Your output should consist of every record, copied exactly.

◆ ◆ ◆ ◆ ◆

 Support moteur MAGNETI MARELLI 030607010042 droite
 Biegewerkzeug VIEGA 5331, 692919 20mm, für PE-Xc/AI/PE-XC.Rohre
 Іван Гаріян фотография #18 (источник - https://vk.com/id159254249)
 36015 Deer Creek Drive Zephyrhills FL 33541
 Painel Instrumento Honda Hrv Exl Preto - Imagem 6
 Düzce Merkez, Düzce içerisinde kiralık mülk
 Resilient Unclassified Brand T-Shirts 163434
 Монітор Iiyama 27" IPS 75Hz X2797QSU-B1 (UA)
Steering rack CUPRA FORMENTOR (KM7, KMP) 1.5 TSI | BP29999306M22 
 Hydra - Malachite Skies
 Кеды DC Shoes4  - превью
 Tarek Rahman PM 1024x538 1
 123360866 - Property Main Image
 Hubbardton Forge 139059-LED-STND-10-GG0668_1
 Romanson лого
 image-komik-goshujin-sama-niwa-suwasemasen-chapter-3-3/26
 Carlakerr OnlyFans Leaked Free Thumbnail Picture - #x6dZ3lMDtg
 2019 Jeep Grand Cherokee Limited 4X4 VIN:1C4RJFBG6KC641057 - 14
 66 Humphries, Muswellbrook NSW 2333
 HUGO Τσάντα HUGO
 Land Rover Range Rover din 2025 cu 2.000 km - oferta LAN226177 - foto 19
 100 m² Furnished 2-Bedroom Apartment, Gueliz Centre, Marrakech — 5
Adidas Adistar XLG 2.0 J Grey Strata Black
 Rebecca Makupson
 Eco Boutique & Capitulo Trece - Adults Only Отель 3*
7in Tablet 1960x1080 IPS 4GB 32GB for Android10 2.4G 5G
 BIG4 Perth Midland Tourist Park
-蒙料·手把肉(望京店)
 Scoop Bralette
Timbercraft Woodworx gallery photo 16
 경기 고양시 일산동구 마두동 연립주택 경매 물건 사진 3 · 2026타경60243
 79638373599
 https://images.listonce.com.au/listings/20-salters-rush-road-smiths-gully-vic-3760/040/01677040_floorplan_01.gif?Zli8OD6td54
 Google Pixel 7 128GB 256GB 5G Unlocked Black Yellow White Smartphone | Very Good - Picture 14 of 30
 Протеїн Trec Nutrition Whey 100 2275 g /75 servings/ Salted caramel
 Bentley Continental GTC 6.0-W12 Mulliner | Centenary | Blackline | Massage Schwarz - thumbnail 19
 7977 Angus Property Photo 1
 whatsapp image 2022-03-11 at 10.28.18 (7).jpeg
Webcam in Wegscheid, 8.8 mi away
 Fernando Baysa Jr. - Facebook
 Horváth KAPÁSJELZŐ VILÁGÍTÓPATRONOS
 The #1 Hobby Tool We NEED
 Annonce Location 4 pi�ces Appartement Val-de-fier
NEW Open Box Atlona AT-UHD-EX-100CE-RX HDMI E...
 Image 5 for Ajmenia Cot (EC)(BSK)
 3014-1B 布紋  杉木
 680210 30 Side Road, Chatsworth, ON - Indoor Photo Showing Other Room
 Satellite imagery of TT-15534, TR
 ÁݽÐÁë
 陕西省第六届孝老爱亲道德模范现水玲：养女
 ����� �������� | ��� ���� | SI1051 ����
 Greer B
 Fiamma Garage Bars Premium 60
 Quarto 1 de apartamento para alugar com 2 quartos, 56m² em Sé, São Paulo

◆ ◆ ◆ ◆ ◆

### ANSWER TO THE PROBLEM
 Support moteur MAGNETI MARELLI 030607010042 droite
 Biegewerkzeug VIEGA 5331, 692919 20mm, für PE-Xc/AI/PE-XC.Rohre
 Іван Гаріян фотография #18 (источник - https://vk.com/id159254249)
 36015 Deer Creek Drive Zephyrhills FL 33541
 Painel Instrumento Honda Hrv Exl Preto - Imagem 6
 Düzce Merkez, Düzce içerisinde kiralık mülk
 Resilient Unclassified Brand T-Shirts 163434
 Монітор Iiyama 27" IPS 75Hz X2797QSU-B1 (UA)
Steering rack CUPRA FORMENTOR (KM7, KMP) 1.5 TSI | BP29999306M22 
 Hydra - Malachite Skies
 Кеды DC Shoes4  - превью
 Tarek Rahman PM 1024x538 1
 123360866 - Property Main Image
 Hubbardton Forge 139059-LED-STND-10-GG0668_1
 Romanson лого
 image-komik-goshujin-sama-niwa-suwasemasen-chapter-3-3/26
 Carlakerr OnlyFans Leaked Free Thumbnail Picture - #x6dZ3lMDtg
 2019 Jeep Grand Cherokee Limited 4X4 VIN:1C4RJFBG6KC641057 - 14
 66 Humphries, Muswellbrook NSW 2333
 HUGO Τσάντα HUGO
 Land Rover Range Rover din 2025 cu 2.000 km - oferta LAN226177 - foto 19
 100 m² Furnished 2-Bedroom Apartment, Gueliz Centre, Marrakech — 5
Adidas Adistar XLG 2.0 J Grey Strata Black
 Rebecca Makupson
 Eco Boutique & Capitulo Trece - Adults Only Отель 3*
7in Tablet 1960x1080 IPS 4GB 32GB for Android10 2.4G 5G
 BIG4 Perth Midland Tourist Park
-蒙料·手把肉(望京店)
 Scoop Bralette
Timbercraft Woodworx gallery photo 16
 경기 고양시 일산동구 마두동 연립주택 경매 물건 사진 3 · 2026타경60243
 79638373599
 https://images.listonce.com.au/listings/20-salters-rush-road-smiths-gully-vic-3760/040/01677040_floorplan_01.gif?Zli8OD6td54
 Google Pixel 7 128GB 256GB 5G Unlocked Black Yellow White Smartphone | Very Good - Picture 14 of 30
 Протеїн Trec Nutrition Whey 100 2275 g /75 servings/ Salted caramel
 Bentley Continental GTC 6.0-W12 Mulliner | Centenary | Blackline | Massage Schwarz - thumbnail 19
 7977 Angus Property Photo 1
 whatsapp image 2022-03-11 at 10.28.18 (7).jpeg
Webcam in Wegscheid, 8.8 mi away
 Fernando Baysa Jr. - Facebook
 Horváth KAPÁSJELZŐ VILÁGÍTÓPATRONOS
 The #1 Hobby Tool We NEED
 Annonce Location 4 pi�ces Appartement Val-de-fier
NEW Open Box Atlona AT-UHD-EX-100CE-RX HDMI E...
 Image 5 for Ajmenia Cot (EC)(BSK)
 3014-1B 布紋  杉木
 680210 30 Side Road, Chatsworth, ON - Indoor Photo Showing Other Room
 Satellite imagery of TT-15534, TR
 ÁݽÐÁë
 陕西省第六届孝老爱亲道德模范现水玲：养女
 ����� �������� | ��� ���� | SI1051 ����
 Greer B
 Fiamma Garage Bars Premium 60
 Quarto 1 de apartamento para alugar com 2 quartos, 56m² em Sé, São Paulo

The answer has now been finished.